If the scenario of an sudden absence of fossil fuels occurred, you would see me and my many ocean going sail boating associates living at many subtropical coastlines moving around with our large convoy of sailboats and living off fishing, smuggling, wholesome piracy and bartering.
Speaking of Miss Rand => you might find this fun => below is a pic of where I am right now commenting from on my iPhone. It is one of my favorite transient offices. It is a SB coffee shop in a Barnes and Noble Bookstore in San Jose CA.
http://i47.tinypic.com/fn5iz5.jpg
John

Vince Causey
February 7, 2013 11:44 am

That very outcome was the implied ending of the remake of The Day The Earth Stood Still (the Keanu Reeves version). Klatu spared the human inhabitants of Earth from death in a faustian bargain in which they were allowed to suffer to live in exchange for all forms of energy and power.
It was meant as a utopian vision, but only the insanely mad would see any kind of utopia in that hell.

Matt
February 7, 2013 11:44 am

“People with water wells would have to tear out electric pumps and install hand pumps or windmills to get water.”
Both the hand pumps and the windmills would have to be hand built from locally scrounged parts. Even just considering just people who have private wells today most wouldn’t have the skills to do this.
“Wood burning to stay warm during the winter becomes all the rage again.
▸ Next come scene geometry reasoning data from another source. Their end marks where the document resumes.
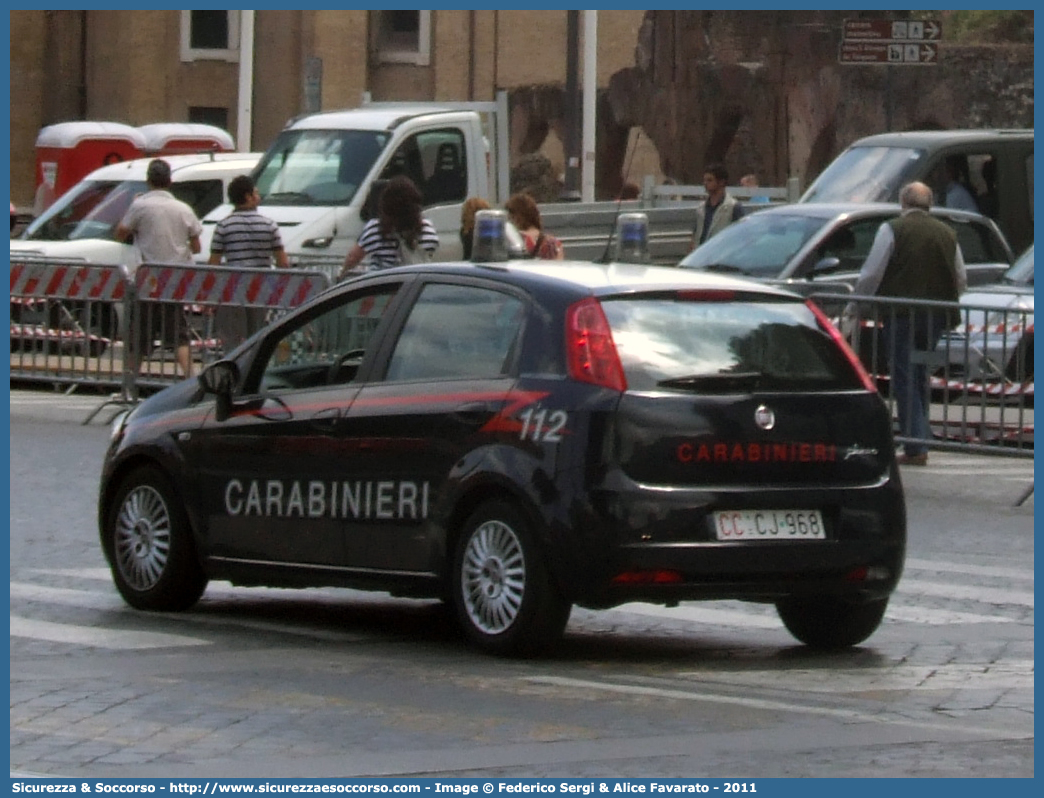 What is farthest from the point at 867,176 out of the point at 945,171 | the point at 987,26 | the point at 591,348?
the point at 987,26

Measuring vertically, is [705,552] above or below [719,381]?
below

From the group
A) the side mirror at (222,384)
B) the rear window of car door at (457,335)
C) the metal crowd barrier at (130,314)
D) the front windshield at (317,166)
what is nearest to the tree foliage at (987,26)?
the front windshield at (317,166)

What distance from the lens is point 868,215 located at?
22656 millimetres

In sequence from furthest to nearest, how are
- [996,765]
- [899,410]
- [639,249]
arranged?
[899,410], [639,249], [996,765]

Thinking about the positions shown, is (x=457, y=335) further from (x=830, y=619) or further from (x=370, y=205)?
(x=370, y=205)

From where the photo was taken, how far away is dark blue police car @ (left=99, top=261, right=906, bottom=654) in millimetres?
9664

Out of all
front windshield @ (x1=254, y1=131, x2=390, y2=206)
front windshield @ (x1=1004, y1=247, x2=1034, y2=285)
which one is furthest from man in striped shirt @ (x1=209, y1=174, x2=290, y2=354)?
front windshield @ (x1=1004, y1=247, x2=1034, y2=285)

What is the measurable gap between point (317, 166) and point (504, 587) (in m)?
17.8

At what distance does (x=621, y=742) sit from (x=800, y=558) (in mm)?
2057

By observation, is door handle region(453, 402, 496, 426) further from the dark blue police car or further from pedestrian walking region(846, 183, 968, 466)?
pedestrian walking region(846, 183, 968, 466)

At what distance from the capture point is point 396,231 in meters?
17.5

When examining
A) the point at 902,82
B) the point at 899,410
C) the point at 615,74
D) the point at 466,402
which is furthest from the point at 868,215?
the point at 615,74

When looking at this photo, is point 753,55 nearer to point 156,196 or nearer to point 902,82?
point 902,82

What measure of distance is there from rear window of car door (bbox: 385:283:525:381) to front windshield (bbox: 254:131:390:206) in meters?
16.2
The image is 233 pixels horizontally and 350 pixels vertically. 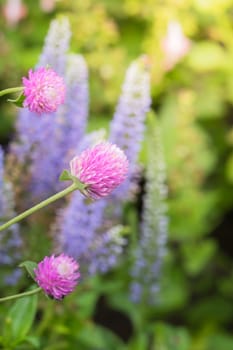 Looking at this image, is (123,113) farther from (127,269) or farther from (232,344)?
(232,344)

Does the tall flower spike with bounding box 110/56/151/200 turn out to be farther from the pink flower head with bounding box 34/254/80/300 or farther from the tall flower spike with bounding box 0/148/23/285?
the pink flower head with bounding box 34/254/80/300

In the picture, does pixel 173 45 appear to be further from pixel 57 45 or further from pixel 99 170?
pixel 99 170

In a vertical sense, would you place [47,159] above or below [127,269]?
below

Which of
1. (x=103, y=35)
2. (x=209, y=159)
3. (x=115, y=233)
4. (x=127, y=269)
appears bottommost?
(x=115, y=233)

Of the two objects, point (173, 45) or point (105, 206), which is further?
point (173, 45)

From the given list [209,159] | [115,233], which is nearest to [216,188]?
[209,159]

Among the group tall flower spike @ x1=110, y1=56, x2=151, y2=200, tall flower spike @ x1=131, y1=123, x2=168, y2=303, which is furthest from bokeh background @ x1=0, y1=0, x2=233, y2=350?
tall flower spike @ x1=110, y1=56, x2=151, y2=200

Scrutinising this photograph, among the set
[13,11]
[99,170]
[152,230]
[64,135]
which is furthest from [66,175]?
[13,11] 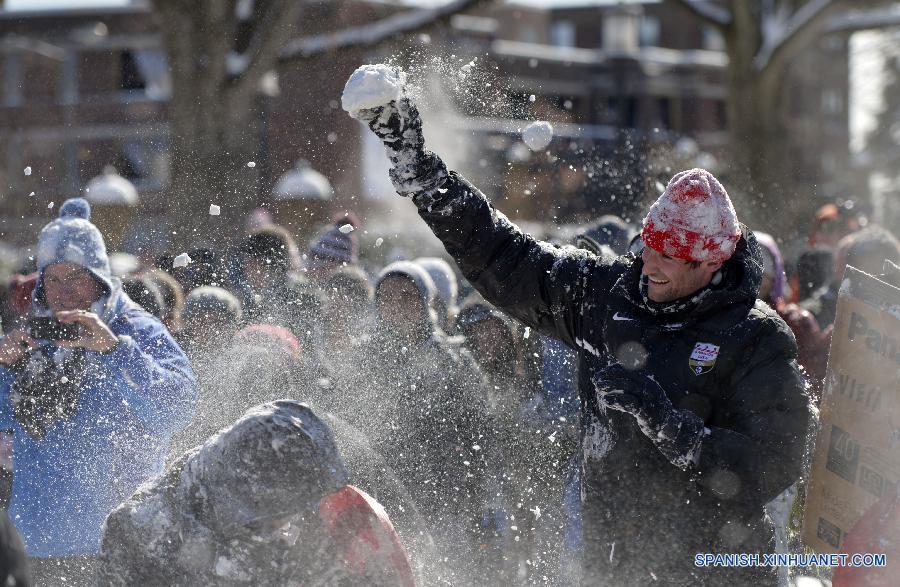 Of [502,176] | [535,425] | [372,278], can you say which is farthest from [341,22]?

Smoke pollution returns to cities, especially in winter.”
With the transportation grid shut down, city dwellers wouldn’t have a chance of getting enough wood to survive the first winter in cities where the average winter temp is low enough to require heating. Even if they have access to wood, the average city home today has no means to burn wood for heat indoors without high risk of burring down the building.
By the point that the last drop of fossil fuel is gone every one who is still stuck living in a urban center in the northern half of CONUS will be dead before the next spring. Assuming they manage to survive in the face of starvation, dehydration and disease long enough to make it to the first winter they will have close to zero chance of surviving the winter.

MarkW
February 7, 2013 11:51 am

Anthony Watts says:
February 7, 2013 at 11:06 am

That would probably be http://www.bing.com. It’s a search engine site. They put background images on their front page, a different each day.

MarkW
February 7, 2013 11:53 am

“Styrofoam burns quite nicely since it is polystyrene with chemical formula is (C8H8)n”
Just make sure you do it in a well ventilated area.